Projeto Agro-florestamento
Ikolen

Existe muito capim e mato ao redor da Aldeia Ikolen, o que danifica o solo e prejudica a natureza. Diante de tal problema, o projeto para visa o agroflorestamento da região para a venda de alimentos orgânicos. Portanto, o projeto visa trazer de volta a harmonia entre aldeia e floresta de forma que traga renda para a comunidade por meio dos frutos que possam ser vendidos.

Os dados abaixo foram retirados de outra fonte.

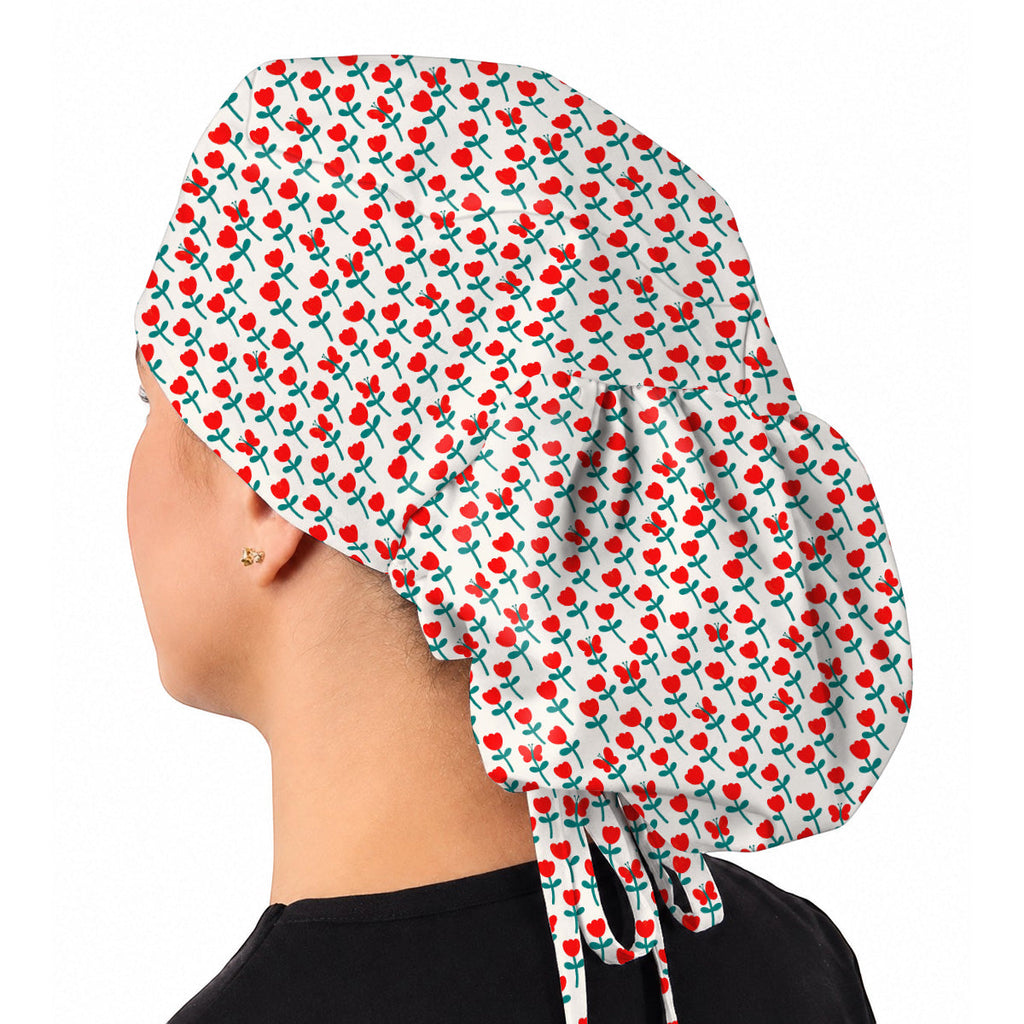 Playful Tulip Scrub Caps, Colorful Tulip Butterfly Nurse Scrubs Cap, Spring Floral Gift For Nurses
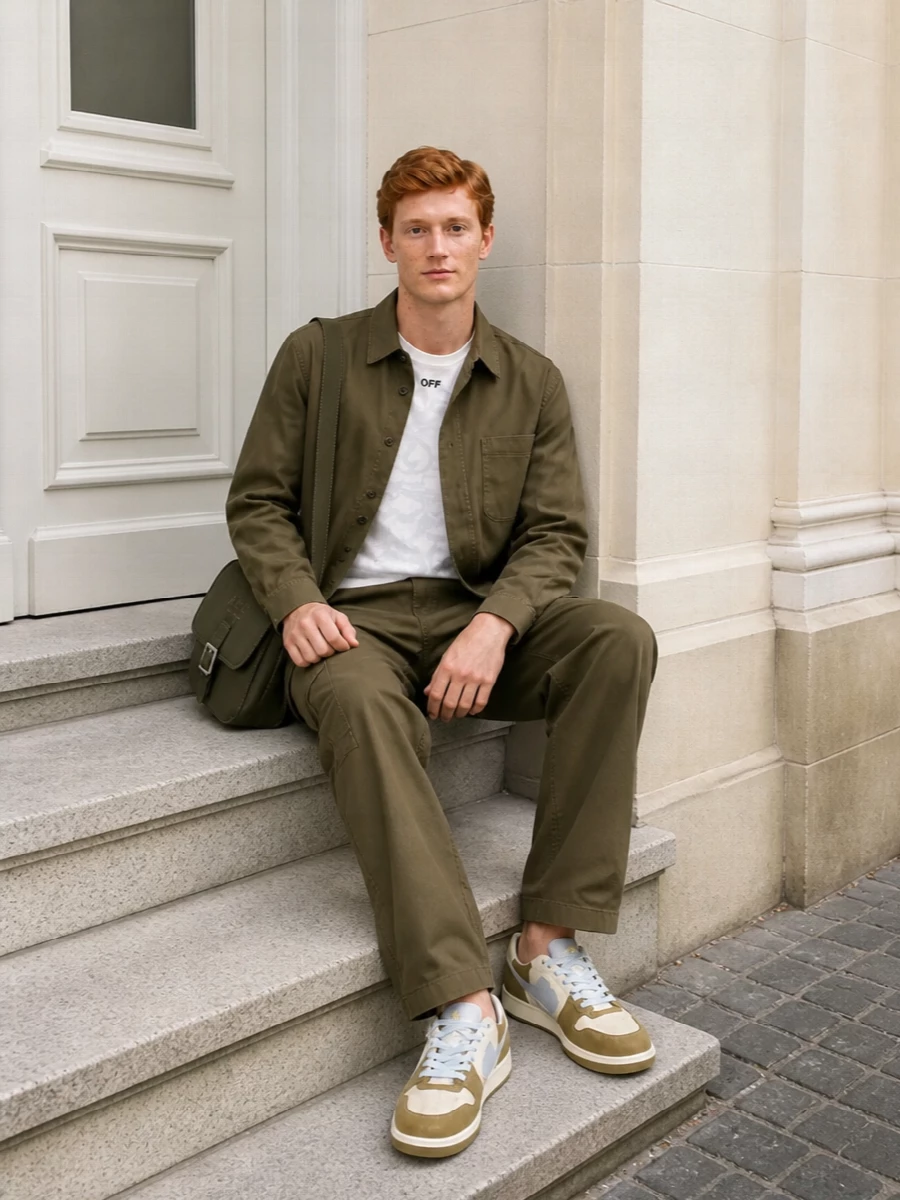 Off white olive shirt jacket outfit cargos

Este projeto está voltado para melhorar a renda e a qualidade de vida das pessoas da minha comunidade indígena Ikolen. O nosso público alvo seriam as pessoas que tem interesse e que querem comprar alimentos de boa qualidade e orgânicos. A meta é adquirir mudas de açaí, cacau, pupunha, castanheiras para darmos início ao plantio destas espécies.

Estamos em busca de parceria e recursos para realizar esse projeto.

Minha história

Meu nome é Milton Ting Teroi Arara e nasci numa aldeia chamada Maloca Grande e Tenho 34 anos. Atualmente moro numa aldeia chamada Ikolen. Sou estudante de Pedagogia e estou no 9° período. Estar na faculdade é um dos sonhos que alcancei com muito esforço meu e apoio dos meus familiares. Não possuo trabalho formal mas trabalho na agricultura familiar junto com minha família e trabalho na colheita de castanha do Brasil. Meu sonho é terminar minha graduação e fazer mestrado e doutorado, para que eu possa ajudar meu povo. 

 

Minha comunidade é do povo Gavião/Ikolen e está localizada na terra indígena Igarapé Lourdes, município de Ji-Paraná, Estado de Rondônia. As tradições do meu povo são a caça, o cardápio de alimentos tradicionais, músicas, língua, danças, mitos, histórias, crenças e confecção de artes. Para preservar nossas tradições, conversamos em nossa língua, ensinamos nossas músicas e danças aos jovens e contamos mitos e histórias. Está ficando difícil conservar nossa cultura, já que temos enfrentado problemas na venda de nossos produtos tradicionais. Trabalhamos muito, mas temos dificuldade na venda de nossos produtos agrícolas. O mesmo acontece com as artesãs, que produzem muitos artesanatos, mas não há venda.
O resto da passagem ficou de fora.